Афиняне и спартанцы затеяли спор: Аристид настаивал на немедленной контратаке, однако Павсаний решил выжидать. Дни тянулись в томительном ожидании. Они стояли на этой позиции уже 12 дней. Запасы еды подходили к концу.
Наконец поступил приказ. Держаться дальше не было смысла, поэтому решили отойти к Платеям. Там они могли контролировать проходы и имели доступ к воде.
Греки выдвинулись ночью на новые позиции, но передовой отряд Алькандера заблудился в кромешной темноте и они оказались отрезаны от основных сил.
На рассвете разгорелась ожесточенная битва. Персы, оценив ситуацию, тут же бросились в атаку. Мардоний приказал своим войскам обрушиться на спартанцев.
Алькандер стоял в первых рядах фаланги. - Держать строй! – кричал он во всё горло. – Продержимся до подхода основных сил! - За Спарту!
Стрелы посыпались градом. Щит Алькандера стал невыносимо тяжёлым от вонзившихся в него стрел.
Его фаланга пришла в движение.

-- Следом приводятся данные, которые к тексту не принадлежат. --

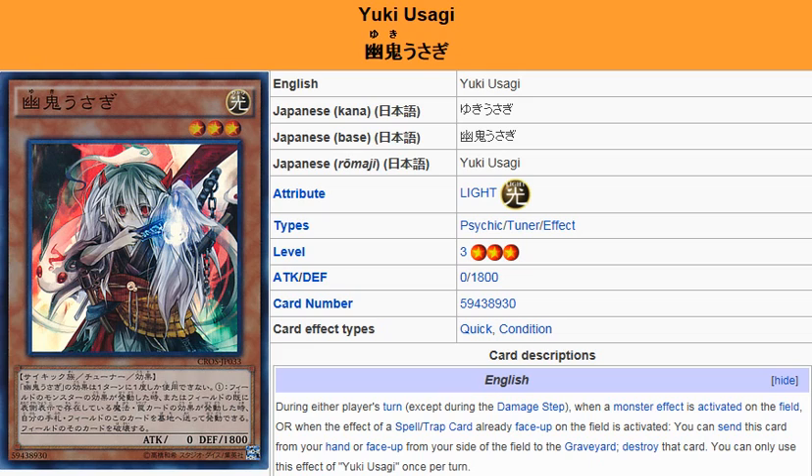So that's pretty good. Any deck can use this really. It's a Psychic Tuner, so it can be searched out with Emergency Teleport. It's a Light monster, so it can use Light support.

Шаг за шагом, воины продвигались вперёд, ощетинившись копьями. На фалангу снова обрушился град стрел и солдаты начали гибнуть один за другим. Спартанцы бросились вперёд и персидские пехотинцы, одетые в лёгкие доспехи, дрогнули под их натиском и обратились в бегство.
В самом центре сражения, сквозь клубы пыли, Алькандер сумел разглядеть Мардония. - Туда! Убить их военачальника! – закричал он, указывая направление.

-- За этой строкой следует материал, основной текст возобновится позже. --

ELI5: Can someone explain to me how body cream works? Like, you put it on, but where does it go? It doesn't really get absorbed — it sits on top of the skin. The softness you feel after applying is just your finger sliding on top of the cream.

Спартанцы врезались в ряды "бессмертных" защищавших Мардония. «Бессмертные» строились в десять рядов. В первом ряду стояли спарабара в чешуйчатых доспехах, с копьями и щитами. Остальные были вооружены луками и топорами. Воцарился жуткий хаос: крики боли, звон оружия, удушающий запах крови и пота.
Алькандер сражался то с воином из Мидии, то с саком. Рана в бедре нестерпимо горела, но он продолжал яростно разить врага копьём.
"Бессмертные" закрывали Мардония плотным строем и успешно сдерживали давление греческой фаланги, постоянно контр атакуя.
Алькандер в порыве ярости и отчаяния, бросил в Мардония камень, который угодил тому прямо в висок и проломив череп, убил его. Перс рухнул с коня замертво.
"Бессмертные", увидев гибель своего предводителя, нарушили строй и отступили, остальная часть персидской армии последовала их примеру и обратилась в бегство.
- Эллада свободна, – прошептал Алькандер.
Солнце клонилось к закату над полем у Платей. Тело Мардония лежало у его ног как трофей, который спартанцы унесут как символ победы. Вокруг кипела суета: греки обыскивали персидский лагерь, вытаскивая золото, шелка и драгоценные сосуды, что сверкали под лучами угасающего дня. Афиняне ликовали, спартанцы молча собирали павших, готовя погребальные костры.
Алькандер чувствовал, как пульсирует рана в бедре, но эта боль была ничем по сравнению с эйфорией свободы. Эллада смогла наконец вздохнуть полной грудью – варвары отступали, их флот горел у Микале, а армия таяла, как снег под весенним солнцем.
Павсаний, опираясь на плечо адъютанта, подошел к Алькандеру. "Ты убил полководца варваров, сын Спарты. Твоё имя будет жить вечно." Алькандер склонил голову: "Слава Лакедемону, полководец. Я лишь исполнил свой долг."
Ему вручили его долю трофеев: золотой браслет Мардония и персидский кинжал с рубинами. Для спартанца это было не сокровищем, а лишь напоминанием о победе.
В Спарте его чествовали как героя. В его сердце навсегда останется память о павших товарищах и о той страшной битве, что далась такой дорогой ценой.